- **PROBLEM STATEMENT**
Once you find the line with "Chamonix Sud - Forclaz 504" in the data that follows, repeat it and every line after it exactly, through the line with "8x Ceramic Brake".

- **GIVEN RECORDS**
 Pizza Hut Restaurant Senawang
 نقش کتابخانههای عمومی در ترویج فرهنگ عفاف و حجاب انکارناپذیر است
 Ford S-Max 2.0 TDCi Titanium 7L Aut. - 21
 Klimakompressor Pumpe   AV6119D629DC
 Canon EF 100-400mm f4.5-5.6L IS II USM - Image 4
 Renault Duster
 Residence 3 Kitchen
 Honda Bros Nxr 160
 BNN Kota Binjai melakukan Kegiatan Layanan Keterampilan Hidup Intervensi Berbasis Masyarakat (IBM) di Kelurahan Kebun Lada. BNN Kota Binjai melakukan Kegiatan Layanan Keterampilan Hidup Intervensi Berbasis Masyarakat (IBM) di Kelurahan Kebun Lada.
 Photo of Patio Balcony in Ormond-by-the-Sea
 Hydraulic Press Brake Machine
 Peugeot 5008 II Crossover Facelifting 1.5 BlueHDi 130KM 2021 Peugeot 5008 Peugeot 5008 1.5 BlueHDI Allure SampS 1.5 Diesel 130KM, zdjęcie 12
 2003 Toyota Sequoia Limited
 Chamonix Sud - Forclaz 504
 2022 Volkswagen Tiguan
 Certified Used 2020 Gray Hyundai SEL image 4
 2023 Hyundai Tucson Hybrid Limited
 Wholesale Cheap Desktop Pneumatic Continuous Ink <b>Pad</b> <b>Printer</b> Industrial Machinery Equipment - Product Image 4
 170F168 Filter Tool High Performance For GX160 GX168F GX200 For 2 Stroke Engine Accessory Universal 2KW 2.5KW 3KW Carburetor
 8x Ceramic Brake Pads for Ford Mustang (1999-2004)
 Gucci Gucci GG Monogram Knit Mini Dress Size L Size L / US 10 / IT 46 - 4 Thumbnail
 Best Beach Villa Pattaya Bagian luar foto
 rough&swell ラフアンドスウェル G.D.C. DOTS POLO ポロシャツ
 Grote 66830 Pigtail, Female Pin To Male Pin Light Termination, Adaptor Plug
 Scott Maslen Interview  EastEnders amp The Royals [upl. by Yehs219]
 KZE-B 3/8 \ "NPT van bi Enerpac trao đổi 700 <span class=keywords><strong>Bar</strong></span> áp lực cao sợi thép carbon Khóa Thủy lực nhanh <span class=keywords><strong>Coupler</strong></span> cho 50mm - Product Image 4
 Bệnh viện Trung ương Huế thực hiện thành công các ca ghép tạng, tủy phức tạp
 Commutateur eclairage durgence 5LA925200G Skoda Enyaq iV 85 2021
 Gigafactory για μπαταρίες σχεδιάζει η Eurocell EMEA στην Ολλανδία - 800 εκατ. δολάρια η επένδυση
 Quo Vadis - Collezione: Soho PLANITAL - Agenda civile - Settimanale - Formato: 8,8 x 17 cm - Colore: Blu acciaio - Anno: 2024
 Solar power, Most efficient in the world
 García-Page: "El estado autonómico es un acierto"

- **EXPECTED OUTPUT**
 Chamonix Sud - Forclaz 504
 2022 Volkswagen Tiguan
 Certified Used 2020 Gray Hyundai SEL image 4
 2023 Hyundai Tucson Hybrid Limited
 Wholesale Cheap Desktop Pneumatic Continuous Ink <b>Pad</b> <b>Printer</b> Industrial Machinery Equipment - Product Image 4
 170F168 Filter Tool High Performance For GX160 GX168F GX200 For 2 Stroke Engine Accessory Universal 2KW 2.5KW 3KW Carburetor
 8x Ceramic Brake Pads for Ford Mustang (1999-2004)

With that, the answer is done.